Home / Technology / Google Gemma Speeds Up AI Locally
Google Gemma Speeds Up AI Locally
6 May
Summary
- Google's Gemma open models now feature MTP for faster local AI.
- MTP uses speculative decoding to guess future tokens, speeding generation.
- Gemma 4 models are tuned for local hardware, unlike cloud-based Gemini.

Google has enhanced its Gemma open models, released this spring, with experimental Multi-Token Prediction (MTP) drafters aimed at boosting local AI performance. These MTP models employ a speculative decoding technique to predict future tokens, which accelerates the generation process compared to traditional methods. The Gemma models are built on the same foundational technology as Google's advanced Gemini AI but are optimized for local execution, enabling users to run them on consumer GPUs.
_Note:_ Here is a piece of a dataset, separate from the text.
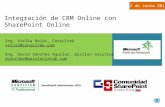 Integración de CRM Online con SharePoint Online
This approach allows for AI experimentation on personal hardware, reducing reliance on cloud-based systems and enhancing data privacy. Google has also updated the Gemma 4 license to the more permissive Apache 2.0. Traditional large language models generate tokens one by one, a process that can be slow on consumer hardware due to memory bandwidth limitations. MTP addresses this by using smaller, faster drafter models to speculatively generate tokens while the main model works on context. These drafters, such as the 74 million parameter Gemma 4 E2B, share the main model's key-value cache and use sparse decoding to efficiently predict likely next tokens, thereby improving overall generation speed.